When you reach a picture, skip it, and retype every line below exactly.

Information supplied
-------

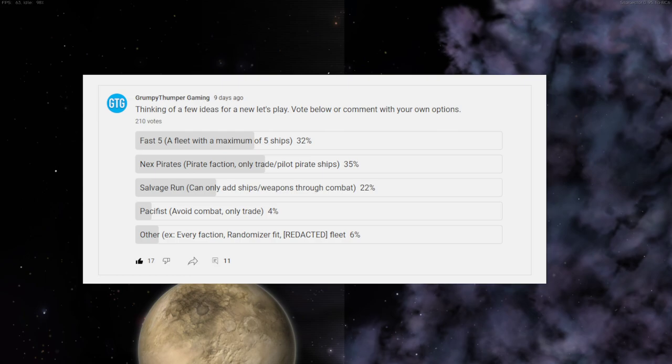I am going to do both. I'm going to do Fast Five and Next Pirates. I'm actually going to combine that with the Salvage Run. You'll see later on, but for right now I'm going to do Fast Five.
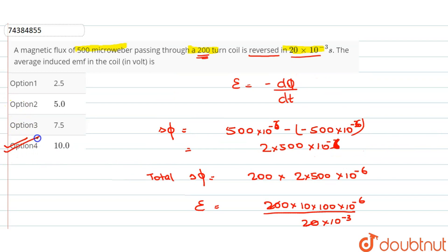Option 4 is 10. This is our correct answer. So our question is solved. Thank you.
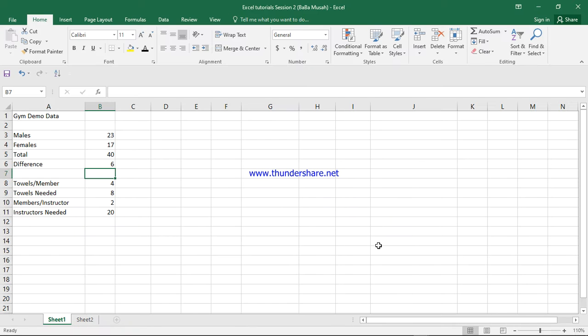Welcome back to Inclusive to Study. Welcome back to Baba Musa's Excel Tutorials series. In this particular video, we will be looking at font formatting.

-------

Answer to this task
I am going to do both. I'm going to do Fast Five and Next Pirates. I'm actually going to combine that with the Salvage Run. You'll see later on, but for right now I'm going to do Fast Five.
Option 4 is 10. This is our correct answer. So our question is solved. Thank you.
Welcome back to Inclusive to Study. Welcome back to Baba Musa's Excel Tutorials series. In this particular video, we will be looking at font formatting.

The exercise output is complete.